I always enjoy seeing familiar names in the media, so it was interesting to see Andrew Noyes quoted in the New York Times article I was reading with this blog post in mind. Noyes recently spoke at an Ogilvy Exchange held at my work about Gov 2.0.

In Ethical Quandary for Social Sites, Jennifer Preston looks at something that recent events (covered in a few previous blog posts) have called into question: “whether a company should maintain its commitment to remain neutral about content, even when politicized content could offend users or even put people in danger.”  Most sites with social aspects have terms of service that they can turn to in cases of questionable content, but the article points out that Flickr does not always enforce its own rules.

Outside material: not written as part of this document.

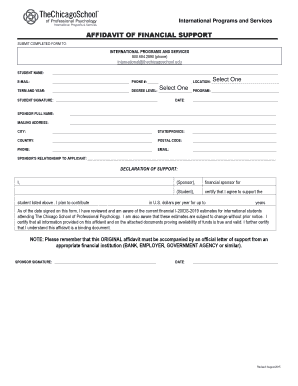 Affidavit of Financial Support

Andrew Noyes of Facebook sums up the view of many sites— “We want Facebook to be a place where people can openly discuss ideas and express their views, while respecting the rights and feelings of others.” In other words, they want to serve as a forum for their uses to communicate much like they would in other parts of their lives— what is said via text, email, and spoken word can also be communicated on Facebook (and on Twitter, on Flickr, and YouTube, to name a few).

Clearly Mark Zuckerburg never thought that by creating the next “hot or not” he would enter into a situation where the Israeli government has big asks— but now that is the case.  While a strict terms of service can help to justify removal of posts that incite violence, or of users who are not using their full names, if it is not always enforced (although realistically, that is not possible), isn’t it stifling to enforce the T.O.S. only in the controversial cases?

I don’t think that this article demonstrates the “end” of this issue in the social media realm— but if a site takes down a page at the request of a government/organization, it becomes a slippery slope— who is to say that the next person to request removal of a page does not deserve their wishes granted, as well?  And what role does a social media site play in these ethical/political/social struggles?